SDW = single/divorced/widowed; IQR = interquartile range; AAM = African American; SEER = Surveillance Epidemiology and End Results

Clinicopathologic Analysis

Patients who were alive had a higher frequency of adrenalectomy (88.6% vs 63.8% vs 67.7%; p<0.0001) compared to patients DOD or DOC, respectively (Table-2). Furthermore, patients who were alive had more favorable T classification (p<0.0001), more favorable N classification (p<0.0001), less frequency of metastatic disease (1.7% vs 25.4% vs 17.1%; p<0.0001), and have more favorable SEER stage (p<0.0001) compared to patients DOD or DOC. Median survival was 9 months (IQR 3-24) for patients DOD and 10 months (IQR 1-51) for patients DOC (Figure-1A). DSS was statistically significantly associated with marital status (Figure-1B, p=0.009), age at diagnosis (decade) (Figure-1D, p<0.0001), T-classification (Figure-1E, p<0.0001), and N-classification (Figure-1F, p<0.0001), but was not associated with gender (Figure-1C, p=0.18).

Table 2 Clinical and pathologic variables of 1271 patients with adrenocortical carcinoma. 

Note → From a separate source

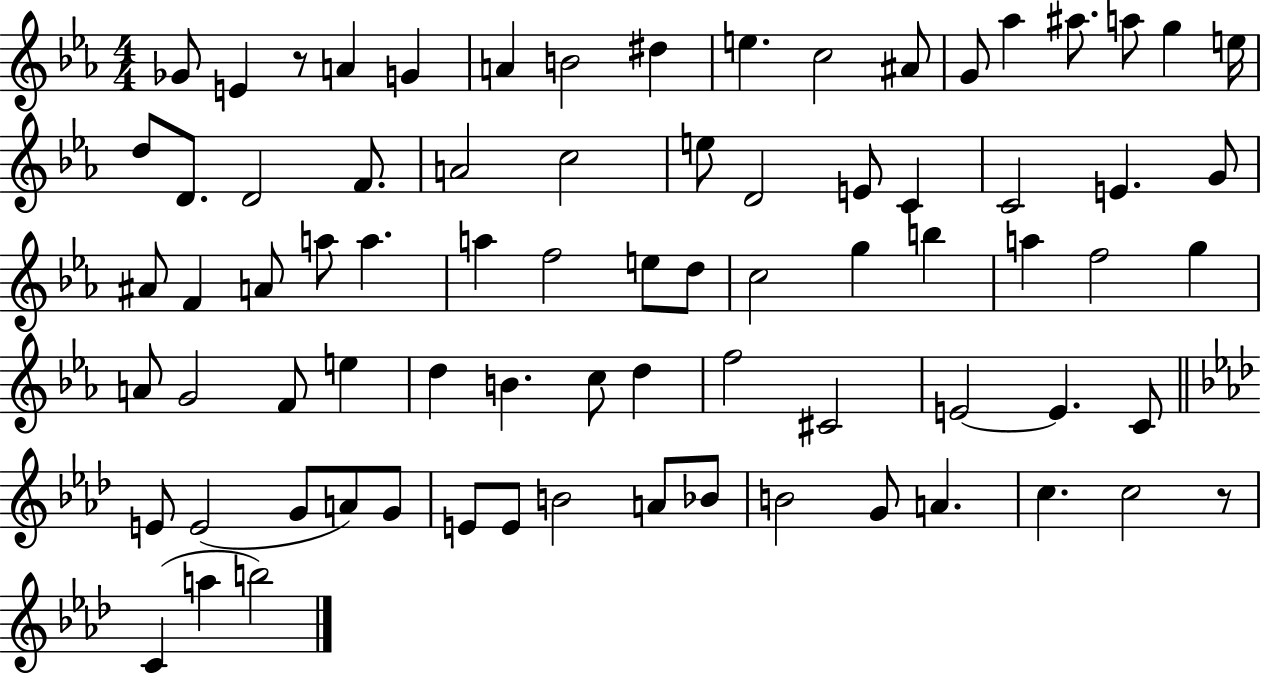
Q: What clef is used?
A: treble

Variable Alive Dead of Disease Dead other Causes p-value
Surgical Approach, n (%) <0.0001
Adrenalectomy 374 (88.6) 437 (63.8) 111 (67.7)
None 36 (8.5) 212 (30.9) 41 (25.0)
Other 11 (2.6) 30 (4.4) 9 (5.5)
Laterality, n (%) 0.08
Left 222 (52.6) 347 (50.7) 96 (58.5)
Right 190 (45.0) 300 (43.8) 61 (37.2)
Bilateral 1 (0.3) 8 (1.1) 1 (0.6)
T Classification, n (%) <0.0001
TX 39 (9.3) 82 (12.0) 30 (18.3)
T0 1 (0.2) 0 0
T1 32 (7.6) 10 (1.5) 14 (8.5)
T2 228 (54.0) 192 (28.0) 57 (34.8)
T3 68 (16.1) 91 (13.3) 18 (11.0)
T4 47 (11.1) 136 (19.8) 31 (18.9)
N Classification, n (%) <0.0001
NX 79 (18.7) 244 (35.6) 58 (35.4)
N0 332 (78.7) 356 (52.0) 89 (54.2)
N1 11 (2.6) 85 (12.4) 17 (10.4)
Metastasis, n (%) 7 (1.7) 174 (25.4) 14 (8.5) <0.0001
SEER Stage, n (%) <0.0001
Localized 274 (64.9) 205 (29.9) 77 (46.9)
Regional 106 (25.1) 206 (30.1) 40 (24.4)
Distant 20 (4.8) 216 (31.5) 28 (17.1)
Unstaged 22 (5.2) 58 (8.5) 19 (11.6)
Median Survival, months (IQR) 53 (17, 112) 9 (3, 24) 10 (1, 51) <0.0001

SEER = Surveillance Epidemiology and End Results; IQR = interquartile range

Figure 1 Kaplan-Meier survival estimates for (A) overall survival; (B) disease-specific survival by marital status (p=0.009); (C) disease-specific survival by T-classification (p<0.0001), and (D) disease-specific survival by n-classification (p<0.0001). 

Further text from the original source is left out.